Беседу ведет Наталия Санникова
Опубликовано в журнале Урал, номер 9, 2013
Представлять Олега Дозморова читателю «Урала» — дело странное, потому что в определенном смысле Дозморов и есть часть «Урала»: постоянный автор, первые публикации которого были здесь, с тех пор почти каждый год в журнале его новые стихи, здесь же — презентации новых книг, друзья… Он родился в Свердловске, учился на филфаке УрГУ, в Екатеринбурге вышли три из четырех его поэтических книг…
Но. Скоро 10 лет, как Дозморов уехал из родного города, его четвертая книга «Смотреть на бегемота», почти наполовину написанная в Великобритании, вышла год назад в издательстве «Воймега» в Москве (где собрала уже больше десятка разной степени хвалебности рецензий, получила «Русскую премию» и спецприз премии «Московский счет»). И этот разговор вышел похожим одновременно и на встречу с давним товарищем, и на попытку узнать Олега Дозморова, поэта и человека, заново.
— Олег, для чего поэту нужна поэзия? В экзистенциальном смысле и в практическом.

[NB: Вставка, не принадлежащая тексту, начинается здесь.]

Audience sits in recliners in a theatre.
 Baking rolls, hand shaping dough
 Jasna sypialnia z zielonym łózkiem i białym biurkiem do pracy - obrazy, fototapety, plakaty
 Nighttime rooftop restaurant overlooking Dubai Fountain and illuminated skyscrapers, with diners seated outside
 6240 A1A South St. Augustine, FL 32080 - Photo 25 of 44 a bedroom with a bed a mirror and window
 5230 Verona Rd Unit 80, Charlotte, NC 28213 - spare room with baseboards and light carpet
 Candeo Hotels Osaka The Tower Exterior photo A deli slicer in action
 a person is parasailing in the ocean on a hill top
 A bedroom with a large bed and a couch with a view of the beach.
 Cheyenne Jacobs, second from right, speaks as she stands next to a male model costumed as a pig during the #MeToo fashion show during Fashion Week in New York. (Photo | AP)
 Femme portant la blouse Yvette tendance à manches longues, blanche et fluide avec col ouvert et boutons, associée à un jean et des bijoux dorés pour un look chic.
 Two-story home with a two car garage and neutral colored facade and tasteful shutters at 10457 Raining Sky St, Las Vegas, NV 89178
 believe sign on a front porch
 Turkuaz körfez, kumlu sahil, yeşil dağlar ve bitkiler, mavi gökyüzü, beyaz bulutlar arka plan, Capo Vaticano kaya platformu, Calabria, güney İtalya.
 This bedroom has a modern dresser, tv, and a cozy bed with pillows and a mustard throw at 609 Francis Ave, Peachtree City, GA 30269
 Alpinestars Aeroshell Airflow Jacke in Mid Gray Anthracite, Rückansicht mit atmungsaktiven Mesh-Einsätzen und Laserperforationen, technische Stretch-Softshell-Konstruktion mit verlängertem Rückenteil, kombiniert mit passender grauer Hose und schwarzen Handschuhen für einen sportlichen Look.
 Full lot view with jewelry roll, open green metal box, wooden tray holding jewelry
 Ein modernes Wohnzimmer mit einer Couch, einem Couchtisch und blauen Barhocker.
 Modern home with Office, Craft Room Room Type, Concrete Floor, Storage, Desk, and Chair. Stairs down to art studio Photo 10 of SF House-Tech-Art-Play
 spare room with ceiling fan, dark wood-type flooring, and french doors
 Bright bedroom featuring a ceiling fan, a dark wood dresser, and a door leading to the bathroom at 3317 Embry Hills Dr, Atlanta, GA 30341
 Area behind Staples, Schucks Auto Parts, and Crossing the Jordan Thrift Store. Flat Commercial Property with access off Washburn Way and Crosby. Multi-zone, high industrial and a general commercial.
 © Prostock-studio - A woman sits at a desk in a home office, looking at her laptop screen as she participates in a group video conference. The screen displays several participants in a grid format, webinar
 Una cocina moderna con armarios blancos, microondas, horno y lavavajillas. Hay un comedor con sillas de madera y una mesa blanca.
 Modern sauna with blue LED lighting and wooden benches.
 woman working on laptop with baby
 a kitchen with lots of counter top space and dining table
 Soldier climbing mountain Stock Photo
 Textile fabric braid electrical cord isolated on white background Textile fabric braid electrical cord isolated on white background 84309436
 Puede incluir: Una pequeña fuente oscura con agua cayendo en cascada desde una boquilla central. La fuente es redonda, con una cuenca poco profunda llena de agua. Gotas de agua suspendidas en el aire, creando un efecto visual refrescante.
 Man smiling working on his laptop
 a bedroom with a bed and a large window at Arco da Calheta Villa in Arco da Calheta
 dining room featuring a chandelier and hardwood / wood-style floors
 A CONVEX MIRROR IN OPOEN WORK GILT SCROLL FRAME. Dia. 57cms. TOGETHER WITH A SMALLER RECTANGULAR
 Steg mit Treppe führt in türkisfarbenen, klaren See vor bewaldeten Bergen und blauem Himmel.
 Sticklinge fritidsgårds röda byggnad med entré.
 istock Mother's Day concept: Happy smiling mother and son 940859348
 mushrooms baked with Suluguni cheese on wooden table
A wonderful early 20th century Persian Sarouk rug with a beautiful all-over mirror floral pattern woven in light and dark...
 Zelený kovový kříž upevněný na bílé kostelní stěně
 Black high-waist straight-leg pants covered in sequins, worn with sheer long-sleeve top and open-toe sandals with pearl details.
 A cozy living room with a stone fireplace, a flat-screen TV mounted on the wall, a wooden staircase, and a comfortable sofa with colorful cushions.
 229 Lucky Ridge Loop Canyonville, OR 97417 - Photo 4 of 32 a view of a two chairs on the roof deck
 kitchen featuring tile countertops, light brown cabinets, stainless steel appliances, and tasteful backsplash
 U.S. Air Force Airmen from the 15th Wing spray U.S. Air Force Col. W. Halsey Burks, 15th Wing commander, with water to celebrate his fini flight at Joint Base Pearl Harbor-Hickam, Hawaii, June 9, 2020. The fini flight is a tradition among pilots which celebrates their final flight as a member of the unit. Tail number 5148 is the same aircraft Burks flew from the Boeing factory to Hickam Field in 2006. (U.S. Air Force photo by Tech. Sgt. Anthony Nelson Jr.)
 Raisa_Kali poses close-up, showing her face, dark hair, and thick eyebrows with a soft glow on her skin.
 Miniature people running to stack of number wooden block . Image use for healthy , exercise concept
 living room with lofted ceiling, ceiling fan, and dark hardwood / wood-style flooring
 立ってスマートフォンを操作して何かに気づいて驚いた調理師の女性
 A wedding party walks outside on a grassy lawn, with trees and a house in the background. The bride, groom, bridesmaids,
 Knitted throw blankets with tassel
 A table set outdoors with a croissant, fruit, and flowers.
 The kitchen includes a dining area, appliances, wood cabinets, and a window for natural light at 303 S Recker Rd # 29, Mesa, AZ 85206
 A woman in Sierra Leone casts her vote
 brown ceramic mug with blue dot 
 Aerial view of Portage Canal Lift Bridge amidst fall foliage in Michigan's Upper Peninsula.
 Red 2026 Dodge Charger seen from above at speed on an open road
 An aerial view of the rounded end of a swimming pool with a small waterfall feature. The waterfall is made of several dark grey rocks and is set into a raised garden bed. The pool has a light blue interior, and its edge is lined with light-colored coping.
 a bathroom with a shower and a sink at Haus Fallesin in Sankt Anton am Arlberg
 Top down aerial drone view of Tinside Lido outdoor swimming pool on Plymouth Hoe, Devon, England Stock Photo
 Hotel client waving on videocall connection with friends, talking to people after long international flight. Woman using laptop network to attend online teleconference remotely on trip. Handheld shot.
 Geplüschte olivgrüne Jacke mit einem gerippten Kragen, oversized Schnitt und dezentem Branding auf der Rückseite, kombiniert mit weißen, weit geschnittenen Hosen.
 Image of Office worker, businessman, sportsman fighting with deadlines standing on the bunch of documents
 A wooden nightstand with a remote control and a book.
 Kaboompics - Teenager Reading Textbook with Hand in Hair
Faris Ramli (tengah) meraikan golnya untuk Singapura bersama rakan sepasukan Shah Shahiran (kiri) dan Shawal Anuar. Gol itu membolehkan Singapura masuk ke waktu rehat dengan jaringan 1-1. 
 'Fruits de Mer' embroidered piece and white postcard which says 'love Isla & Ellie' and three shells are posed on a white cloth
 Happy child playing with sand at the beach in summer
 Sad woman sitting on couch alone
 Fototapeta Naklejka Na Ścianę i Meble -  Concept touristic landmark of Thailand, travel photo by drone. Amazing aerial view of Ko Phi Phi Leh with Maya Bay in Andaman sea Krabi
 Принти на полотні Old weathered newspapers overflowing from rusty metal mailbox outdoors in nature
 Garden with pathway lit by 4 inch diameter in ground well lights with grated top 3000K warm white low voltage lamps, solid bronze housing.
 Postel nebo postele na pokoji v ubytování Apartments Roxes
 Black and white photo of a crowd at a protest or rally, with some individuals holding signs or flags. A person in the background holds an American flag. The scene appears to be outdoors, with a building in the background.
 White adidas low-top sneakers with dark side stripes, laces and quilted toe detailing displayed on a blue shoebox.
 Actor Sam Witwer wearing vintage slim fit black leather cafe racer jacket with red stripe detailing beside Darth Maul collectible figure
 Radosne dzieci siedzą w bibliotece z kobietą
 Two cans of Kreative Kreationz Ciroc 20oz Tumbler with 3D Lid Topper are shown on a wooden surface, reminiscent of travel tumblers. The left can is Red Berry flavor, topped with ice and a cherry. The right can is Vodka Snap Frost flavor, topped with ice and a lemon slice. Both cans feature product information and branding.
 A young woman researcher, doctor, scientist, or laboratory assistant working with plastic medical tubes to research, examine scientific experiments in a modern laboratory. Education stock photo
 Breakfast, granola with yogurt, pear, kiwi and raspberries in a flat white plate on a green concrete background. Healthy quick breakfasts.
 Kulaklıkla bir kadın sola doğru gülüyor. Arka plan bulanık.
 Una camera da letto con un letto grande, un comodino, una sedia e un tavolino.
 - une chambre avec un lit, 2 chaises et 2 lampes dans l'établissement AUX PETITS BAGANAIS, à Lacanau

— Ничего себе вопрос. То есть стихи? В практическом смысле ответить проще всего: чтобы девушки любили. Если без гаерства, то, думаю, это глубинная потребность, даже зависимость. Пишущий испытывает катарсис, то есть сильнейшее чувственное потрясение, за которым следует духовное очищение. Он выныривает из стихотворения другим человеком: что-то изменилось, а что — непонятно. Опыт требует повторения.
— А для чего она, на твой взгляд, может быть нужна читателю?
— Да все для того же. У квалифицированного читателя сформирована потребность в поэзии «в виде стихов». Он ищет поэзию в книгах, и ему кажется, что всем остальным, стихов не читающим, она не нужна. На самом деле потребность в поэзии, точнее в поэтическом, никуда не исчезла. Просто кто-то любит стихи Тарковского, кто-то — Асадова, кто-то бардовские песни, а кто-то шансон, но это одна и та же потребность. В поэзии. В эстетическом наслаждении, пусть и при помощи музыкальных подпорок. И, кстати, между этими мирами нет непреодолимой границы. Стихи поэта могут уйти в народ и потерять авторство, а фольклор и низовые жанры всегда подпитывали высокую книжную литературу. Не говоря уже о том, что там, в условном «низу», шедевров не меньше. Кризис книжной поэзии каждый раз связан с новым определением своего места в этих координатах — по отношению к живому, разговорному языку, с одной стороны, и, с другой, по отношению к традиции, то есть идет ее критика и обретение в новых формах. Этот процесс не прекращается, и ощущение кризиса как раз является подтверждением, что все идет нормально. Сейчас, на мой взгляд, именно такой этап. Но читатель, естественно, запаздывает.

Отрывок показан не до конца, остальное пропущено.